What to produce
Where the material below has a line containing "Unit Upper - 34 Carus Avenue, Toronto 4", start repeating exactly, and keep going through the line containing "Lagu MENIKAHIMU –", with no other lines.

Records

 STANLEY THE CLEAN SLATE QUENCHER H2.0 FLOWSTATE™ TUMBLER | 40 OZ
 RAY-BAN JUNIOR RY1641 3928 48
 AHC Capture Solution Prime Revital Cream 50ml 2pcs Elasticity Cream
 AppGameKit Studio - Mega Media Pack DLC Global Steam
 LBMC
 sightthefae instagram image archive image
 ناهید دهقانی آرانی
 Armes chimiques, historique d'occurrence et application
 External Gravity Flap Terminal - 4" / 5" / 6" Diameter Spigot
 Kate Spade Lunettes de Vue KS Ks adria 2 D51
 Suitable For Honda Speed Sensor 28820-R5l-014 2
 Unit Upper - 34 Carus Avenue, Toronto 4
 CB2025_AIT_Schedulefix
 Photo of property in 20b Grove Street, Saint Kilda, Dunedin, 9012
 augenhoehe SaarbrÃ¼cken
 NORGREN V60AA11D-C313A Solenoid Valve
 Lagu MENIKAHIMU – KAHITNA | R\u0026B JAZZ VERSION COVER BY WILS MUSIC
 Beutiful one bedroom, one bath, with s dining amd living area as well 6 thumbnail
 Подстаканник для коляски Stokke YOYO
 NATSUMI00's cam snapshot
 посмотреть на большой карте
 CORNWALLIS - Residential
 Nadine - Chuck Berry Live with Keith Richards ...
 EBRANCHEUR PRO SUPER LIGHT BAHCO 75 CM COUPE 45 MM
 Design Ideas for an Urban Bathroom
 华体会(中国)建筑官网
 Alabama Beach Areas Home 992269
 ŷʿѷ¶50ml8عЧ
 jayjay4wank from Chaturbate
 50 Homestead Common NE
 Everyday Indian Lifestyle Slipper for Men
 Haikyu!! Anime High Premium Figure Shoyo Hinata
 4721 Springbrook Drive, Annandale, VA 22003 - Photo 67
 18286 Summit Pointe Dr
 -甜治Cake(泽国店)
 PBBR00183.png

Your solution
 Unit Upper - 34 Carus Avenue, Toronto 4
 CB2025_AIT_Schedulefix
 Photo of property in 20b Grove Street, Saint Kilda, Dunedin, 9012
 augenhoehe SaarbrÃ¼cken
 NORGREN V60AA11D-C313A Solenoid Valve
 Lagu MENIKAHIMU – KAHITNA | R\u0026B JAZZ VERSION COVER BY WILS MUSIC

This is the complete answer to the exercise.